Chapter CXLI.--Free-will in men and angels.
"But that you may not have a pretext for saying that Christ must have been crucified, and that those who transgressed must have been among your nation, and that the matter could not have been otherwise, I said briefly by anticipation, that God, wishing men and angels to follow His will, resolved to create them free to do righteousness; possessing reason, that they may know by whom they are created, and through whom they, not existing formerly, do now exist; and with a law that they should be judged by Him, if they do anything contrary to right reason: and of ourselves we, men and angels, shall be convicted of having acted sinfully, unless we repent beforehand. But if the word of God foretells that some angels and men shall be certainly punished, it did so because it foreknew that they would be unchangeably [wicked], but not because God had created them so. So that if they repent, all who wish for it can obtain mercy from God: and the Scripture foretells that they shall be blessed, saying, Blessed is the man to whom the Lord imputeth not sin;'  that is, having repented of his sins, that he may receive remission of them from God; and not as you deceive yourselves, and some others who resemble you in this, who say, that even though they be sinners, but know God, the Lord will not impute sin to them.
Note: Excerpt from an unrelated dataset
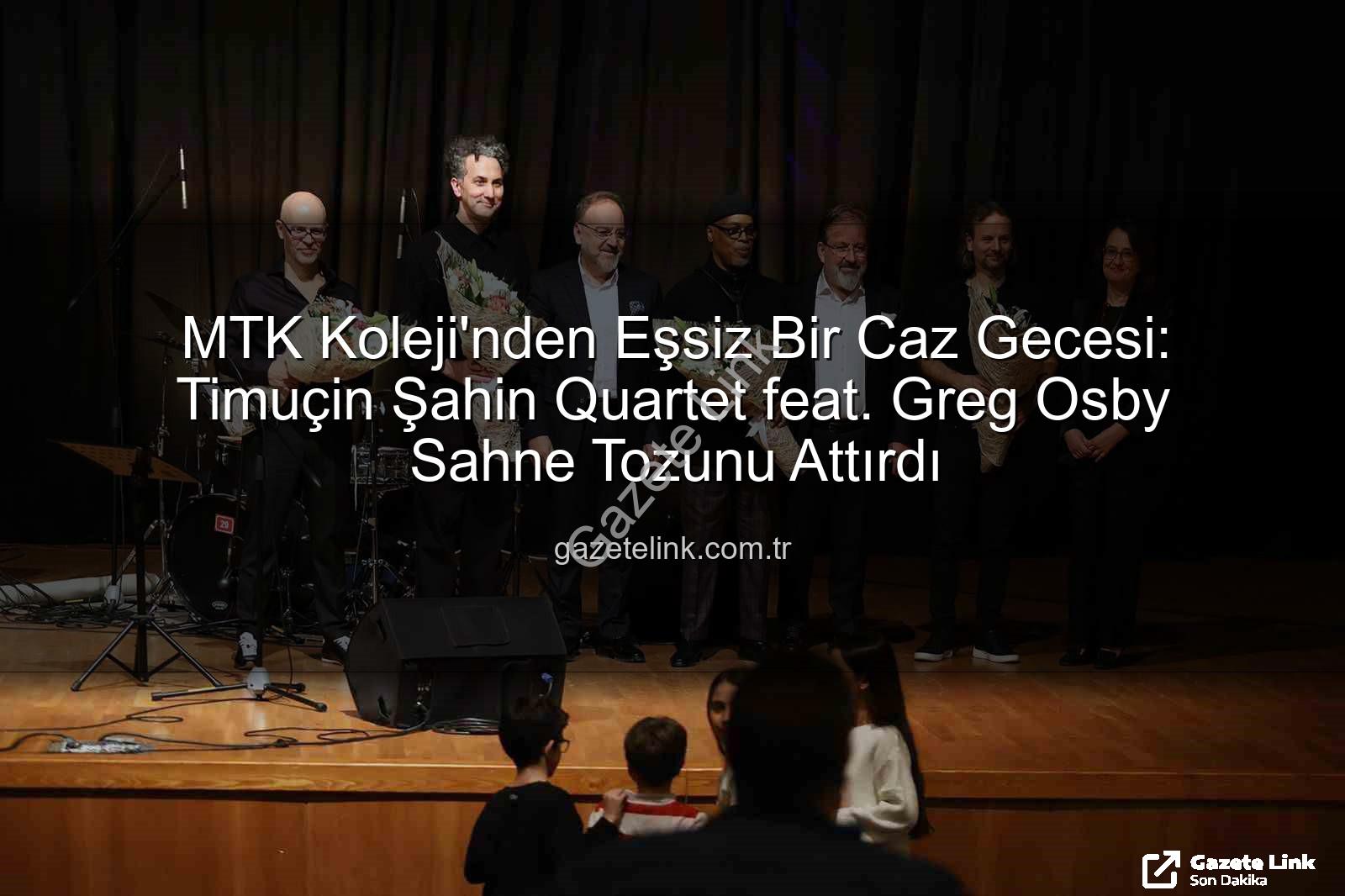 MTK Koleji caz konseri - MTK Koleji'nden Eşsiz Bir Caz Gecesi: Timuçin Şahin Quartet feat. Greg Osby Sahne Tozunu Attırdı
We have as proof of this the one fall of David, which happened through his boasting, which was forgiven then when he so mourned and wept, as it is written. But if even to such a man no remission was granted before repentance, and only when this great king, and anointed one, and prophet, mourned and conducted himself so, how can the impure and utterly abandoned, if they weep not, and mourn not, and repent not, entertain the hope that the Lord will not impute to them sin? And this one fall of David, in the matter of Uriah's wife, proves, sirs," I said, "that the patriarchs had many wives, not to commit fornication, but that a certain dispensation and all mysteries might be accomplished by them; since, if it were allowable to take any wife, or as many wives as one chooses, and how he chooses, which the men of your nation do over all the earth, wherever they sojourn, or wherever they have been sent, taking women under the name of marriage, much more would David have been permitted to do this."
When I had said this, dearest Marcus Pompeius, I came to an end.